◆ ABOUT THIS EXERCISE
Each line of the data must reappear exactly in your answer, with no images included.

◆ RAW DATA
* * * *

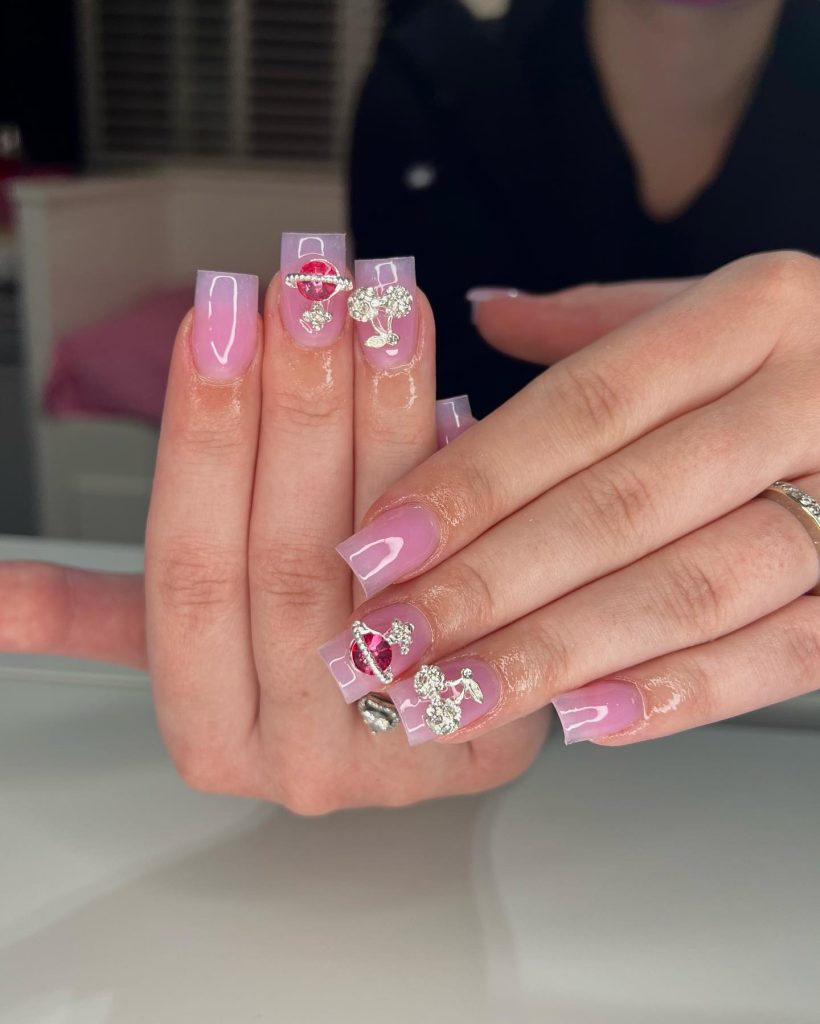 shortacrylic lavender nails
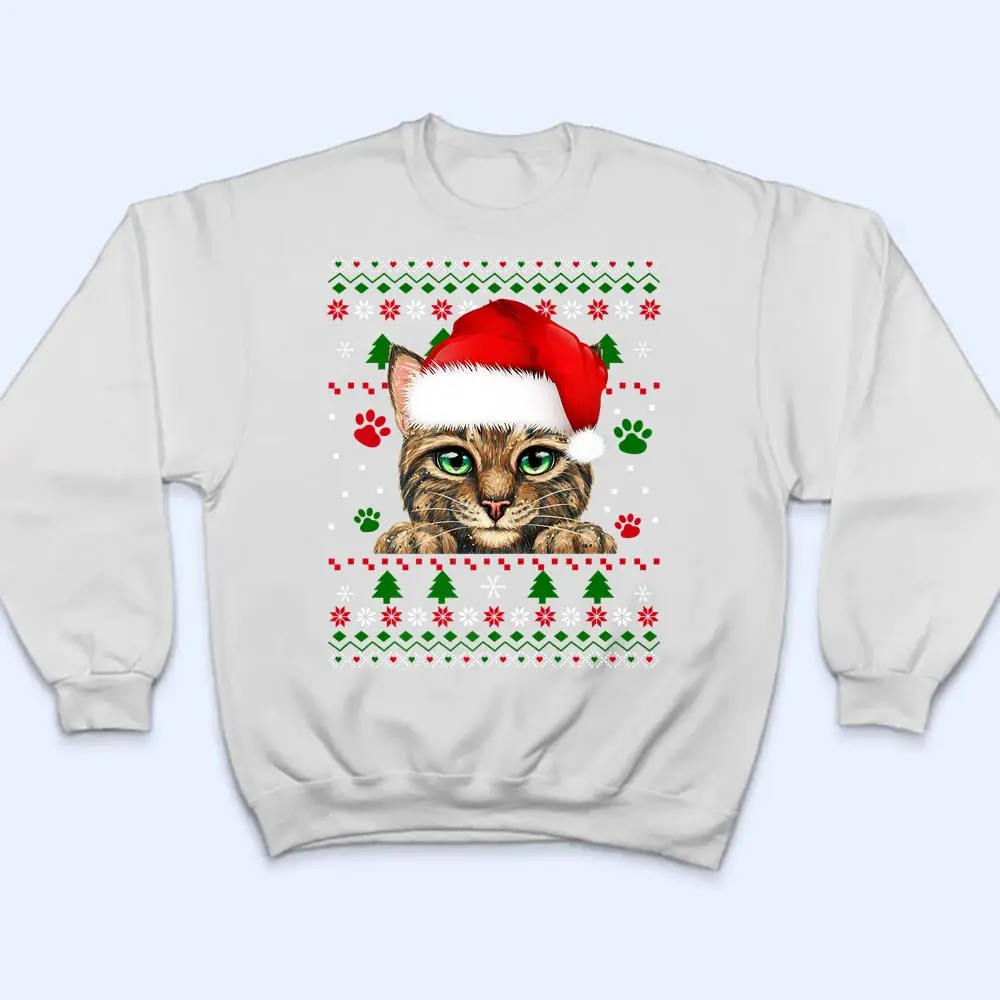 Christmas-Cat-Santa-Hat-Merry-Catmas-Ugly-Christmas-Sweater-Premium-T-Shirt-4 Christmas Cat Santa Hat Merry Catmas Ugly Christmas Sweater Premium T Shirt
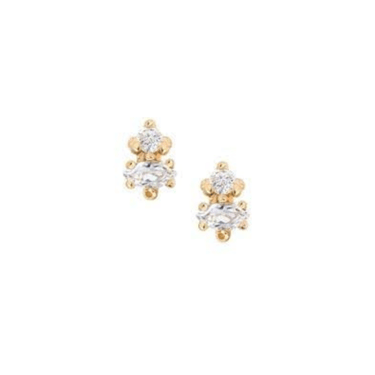 Moonstone Marquise + Diamond Studs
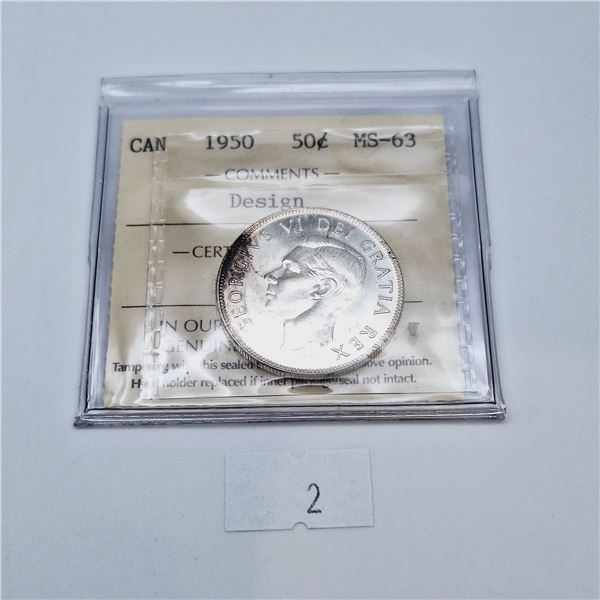 ICCS Graded MS-63 1950 Canadian Fifty Cent Silver Coin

* * * *

◆ ANSWER AREA
 shortacrylic lavender nails
 Christmas-Cat-Santa-Hat-Merry-Catmas-Ugly-Christmas-Sweater-Premium-T-Shirt-4 Christmas Cat Santa Hat Merry Catmas Ugly Christmas Sweater Premium T Shirt
 Moonstone Marquise + Diamond Studs
 ICCS Graded MS-63 1950 Canadian Fifty Cent Silver Coin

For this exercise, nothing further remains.